• _About this task_
Copy out each line below containing "Medium".

+++

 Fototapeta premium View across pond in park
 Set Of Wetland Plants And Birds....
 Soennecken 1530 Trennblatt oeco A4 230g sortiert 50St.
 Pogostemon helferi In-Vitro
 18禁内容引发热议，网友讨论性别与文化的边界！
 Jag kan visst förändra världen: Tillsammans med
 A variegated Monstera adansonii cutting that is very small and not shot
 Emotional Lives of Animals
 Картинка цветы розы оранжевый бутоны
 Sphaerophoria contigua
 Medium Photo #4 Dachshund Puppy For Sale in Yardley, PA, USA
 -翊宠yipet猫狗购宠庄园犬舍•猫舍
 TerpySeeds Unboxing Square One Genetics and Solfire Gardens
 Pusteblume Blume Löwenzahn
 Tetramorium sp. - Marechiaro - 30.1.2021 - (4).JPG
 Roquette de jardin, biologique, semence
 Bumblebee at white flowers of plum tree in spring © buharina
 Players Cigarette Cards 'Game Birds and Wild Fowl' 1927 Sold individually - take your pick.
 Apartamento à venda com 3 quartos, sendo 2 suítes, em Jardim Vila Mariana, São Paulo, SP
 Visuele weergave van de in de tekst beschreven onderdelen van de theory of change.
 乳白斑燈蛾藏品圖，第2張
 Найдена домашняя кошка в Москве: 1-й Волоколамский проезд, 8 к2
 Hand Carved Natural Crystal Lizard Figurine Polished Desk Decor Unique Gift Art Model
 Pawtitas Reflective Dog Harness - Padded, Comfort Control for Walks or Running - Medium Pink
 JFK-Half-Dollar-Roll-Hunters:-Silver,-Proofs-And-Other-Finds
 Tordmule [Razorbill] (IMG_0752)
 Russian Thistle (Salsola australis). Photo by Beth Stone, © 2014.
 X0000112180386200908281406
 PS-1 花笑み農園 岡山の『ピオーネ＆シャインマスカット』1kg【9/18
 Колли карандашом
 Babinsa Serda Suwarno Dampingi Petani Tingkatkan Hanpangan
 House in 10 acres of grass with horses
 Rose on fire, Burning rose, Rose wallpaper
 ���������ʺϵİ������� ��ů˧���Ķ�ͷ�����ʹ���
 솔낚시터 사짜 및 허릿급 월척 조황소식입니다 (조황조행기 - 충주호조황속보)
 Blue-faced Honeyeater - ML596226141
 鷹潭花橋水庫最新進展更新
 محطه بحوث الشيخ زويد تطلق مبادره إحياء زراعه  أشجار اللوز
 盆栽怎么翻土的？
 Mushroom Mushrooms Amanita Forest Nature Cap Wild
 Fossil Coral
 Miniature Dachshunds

+++

• _Solution to the exercise_
 Medium Photo #4 Dachshund Puppy For Sale in Yardley, PA, USA
 Pawtitas Reflective Dog Harness - Padded, Comfort Control for Walks or Running - Medium Pink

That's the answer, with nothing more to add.